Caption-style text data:
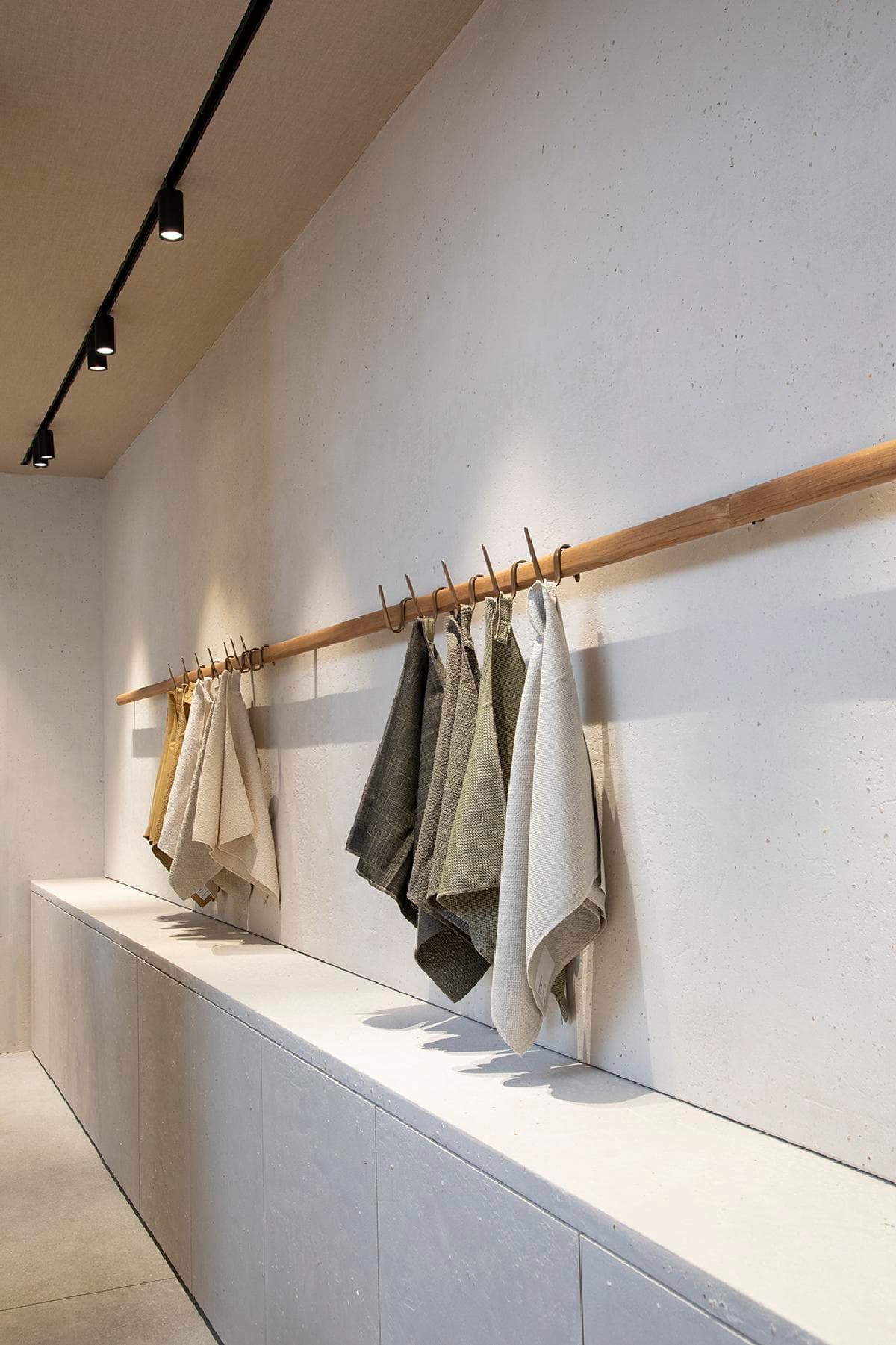 Hanging material samples reveal the showroom’s palette of colours and textures.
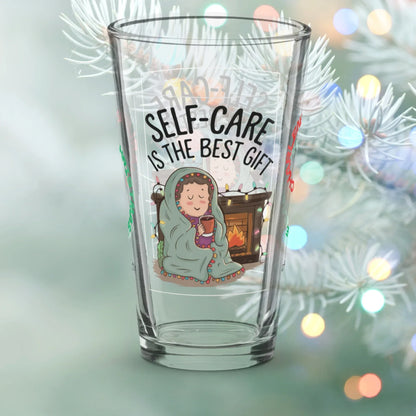 Shop our self care is the best gift christmas pint glass featuring the 16oz style option from MySisterIsASurvivor.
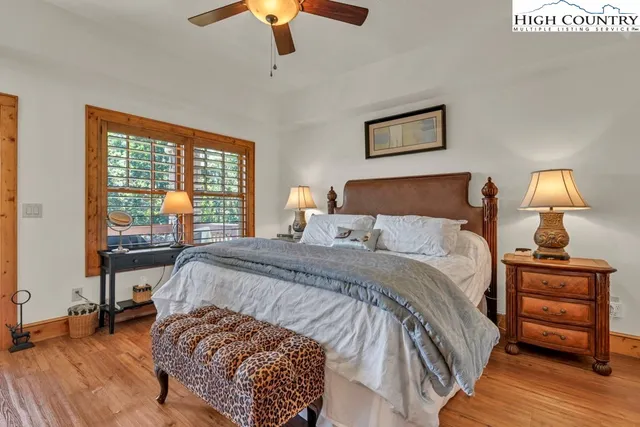 a bed room with a bed and a lamp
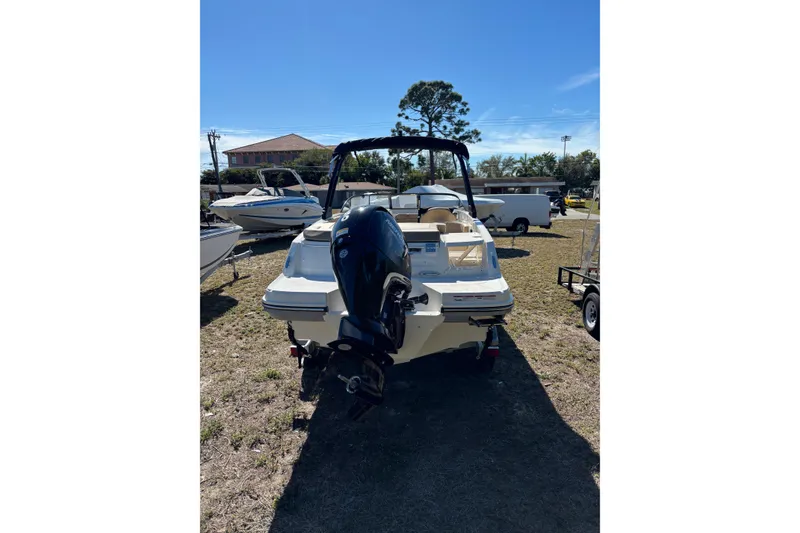 Slide: The Image of 2026 Bayliner VR6 Bowrider OB with outboard motor, parked on grass. - 18
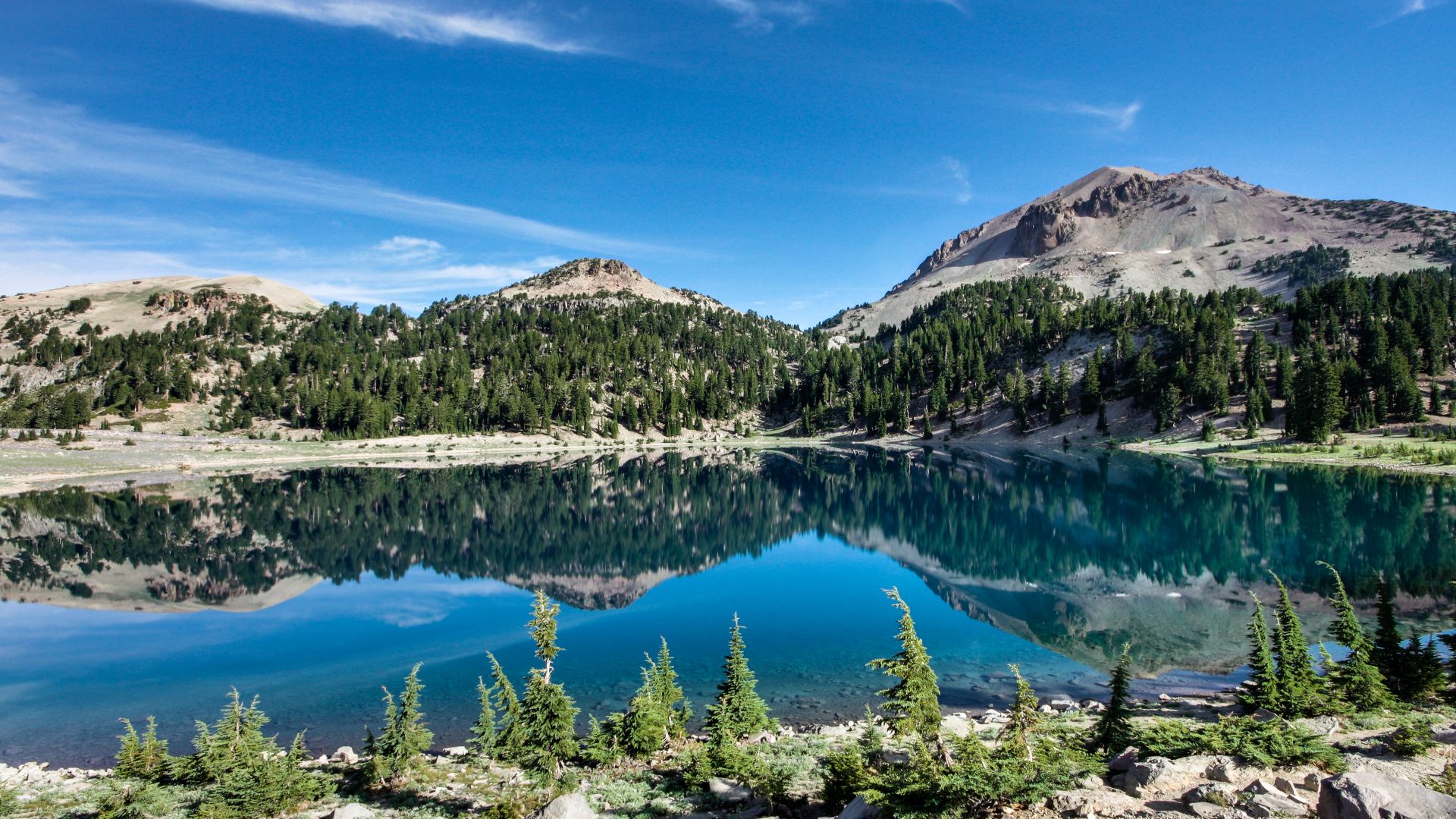 Lassen and Eagle Peaks reflect in the calm morning waters of Lake Helen, Lassen Volcanic National Park.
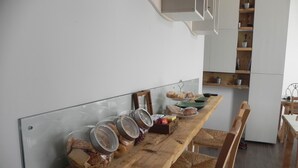A kitchen with a wooden countertop, jars, and a bread display. - Gea apartment Etna (Nicolosi)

### What you have to do
Quote exactly, and nothing besides, the lines from the one with "Shop our self" through the end of the records above; include both ends and omit the pictures.

### Exercise output
 Shop our self care is the best gift christmas pint glass featuring the 16oz style option from MySisterIsASurvivor.
 a bed room with a bed and a lamp
 Slide: The Image of 2026 Bayliner VR6 Bowrider OB with outboard motor, parked on grass. - 18
 Lassen and Eagle Peaks reflect in the calm morning waters of Lake Helen, Lassen Volcanic National Park.
A kitchen with a wooden countertop, jars, and a bread display. - Gea apartment Etna (Nicolosi)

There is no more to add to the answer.